Community Government
AT GODDARD COLLEGE

March, 1940 -- The Goddard Bulletin -- Plainfield, Vermont


Following the New England tradition of town meeting in which all the citizens participate in the management of their local affairs, Goddard College has adopted a plan of government by a weekly community meeting. In this gathering each member of the college community has an equal voice and vote in all matters affecting life on the campus.

When the college opened in September, 1938, the arriving students were faced with no other rules than certain administrative regulations regarding the payment of bills and the observation of fire precautions, and certain faculty policies concerning in a general way the nature of the learning procedures. They were not given a manual of rules governing their academic or social conduct.

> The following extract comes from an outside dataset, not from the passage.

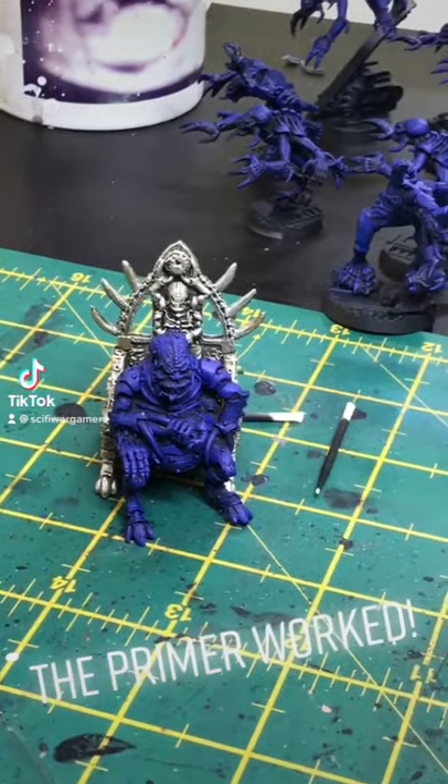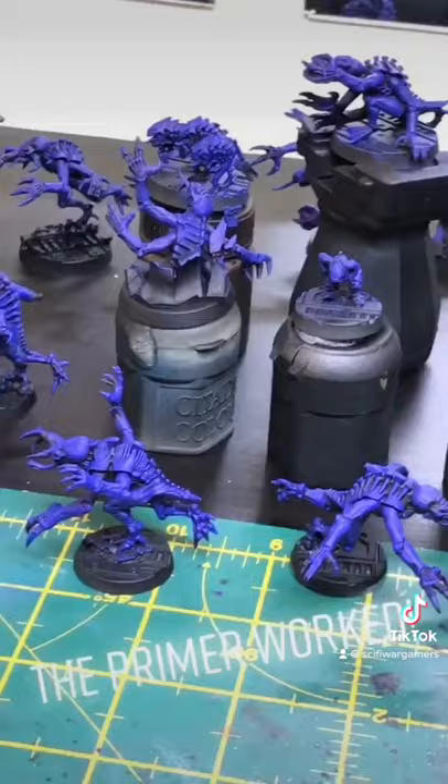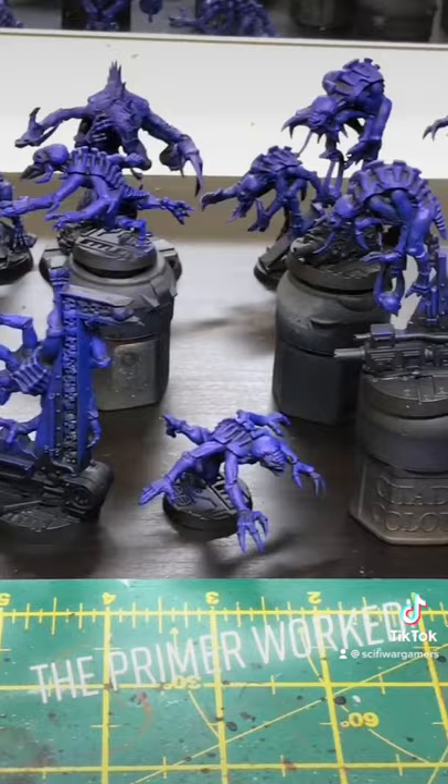Primer worked. What's up everyone? So we are now working on the Genestealers after that little issue with the primer. I've managed to get the first layer of paint on and I've gone with a nice blue colour.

However, the community meeting has legislated into being a small body of community standards and regulations, as it has felt the need for them. Early in the first year the meeting adopted a constitution, outlining the democratic structure of the community and providing for the executive and judicial branches of its government. It also set up general standards touching such things as attendance at community meeting, quiet periods in the residences, entertaining, attendance at classes, and participation in the program of manual work whereby students and resident faculty assist in running the kitchen, dining room, and library, and maintaining the buildings and grounds. In addition, through the year, it met and dealt with a host of emergencies and situations requiring instant decisions.

New students arriving in the fall of 1939 entered a community which had erected a structure of government and adopted standards of conduct, any or all of which can at any time be amended or repealed by vote of the community meeting.

The jurisdiction of the community meeting extends to virtually all college concerns. Payment of tuition remains, of course, a private matter between individual students and the administration.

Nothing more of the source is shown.